Opinião - Li no Noblat

Invasões bárbaras, por Tânia Fusco

Experimentei dias de silêncio. Não sem som ou palavras, mas sem os ruídos do mundo virtual. Dias de viver em autêntico tempo real. Só o aqui e agora dos budistas. Nada on-line. Nem os antigos e-mails ou compras e pagamentos com cartões de crédito. Conversas só as presenciais.
Incrível, não houve sensação de isolamento. O tempo é que foi se alargando. Rendeu mais. Como se as horas fossem maiores e coubessem mais coisas dentro delas. Como se eu, em câmera lenta, observasse a pressa dos outros. (Aliás, tanta pressa pra que mesmo?) Devagar eu não perdi hora. Verdade. Cumpri tudo certinho e, no fim do dia, eu não devia nada.
Não foi viagem de maluco. Nem experiência planejada. Por circunstância pessoal – e irrelevante para os outros -, startei. Sem querer querendo fiquei no off-line um tempo. Revelou-se relevante. Visto de fora, o mundo conectado é muito mais lotado de sobras e louco do que possa processar - e registrar - a nossa parca inteligência.
Nele há uma multidão de gente reunida, mas de presença ausente porque está ali e lá fora também via smartphones acesos e alertas. Gente recebendo e emitindo um universo de bobagens, enquanto come, fala, paga conta... Gente atravessando a rua, falando ou digitando, e segura de que está ligada ao movimento real. Está?
Quantos canais da santa cabecinha ali, naquele momento, estão abertos? Todos em potência máxima? Será? Ficava eu pensando enquanto dezenas de bonequinhos acelerados atuavam a minha volta, grudados aos nossos inseparáveis complementos eletrônicos.
Esses somos nós, eu pensava. E ria. Porque aqueles sou eu também, quase sempre conectada ansiosa, aflita, atrasada, devendo dívidas inventadas – o emala que não respondeu, o trabalho que não entregou, o filho que não visitou, a conta que esqueceu de pagar, o filme que pre-ci-sa ver, o desejo que – nossa! - ainda nem teve. Ufa! O dia que acabou tão rápido, onde não coube tudo que deveria ter sido feito. Deveria mesmo?
Esses somos nós on-line e acelerados, padecendo de invasões bárbaras em tempo real, pilhados com pílulas e técnicas salvadoras para não perder nada, absorver tudo o que não fará a menor diferença na vida ou na morte.

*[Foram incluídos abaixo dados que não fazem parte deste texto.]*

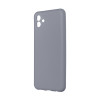 Чохол для смартфона Cosmiс Full Case HQ 2mm for Samsung Galaxy A04 Lavender Grey (CosmicFG04LavenderGrey)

Principalmente na morte que chegará de qualquer jeito, inexorável e surpreendente. Esteve ai o jovem, belo e vigoroso Eduardo Campos para não nos deixar esquecer disso – da morte, única certeza certa. E sem agendamento.
Um tempo off-line faz sentir que o mundo on-line é lotado de invasivas sobras. Pra que tanto? Faz falta saber sobre o fim do noivado da Nakamura com o Sidney Sampaio? o fim do namoro da Ticiane com o Tralli? a nova maquiagem da Marina?
Up to date com tudo pra que mesmo?

 

Tânia Fusco é jornalista, mineira, observadora, curiosa, risonha e palpiteira, mãe de três filhos, avó de dois netos. Vive em Brasília. Às terças escreverá sobre comportamentos e coisinhas do cotidiano – relevantes ou nem tanto.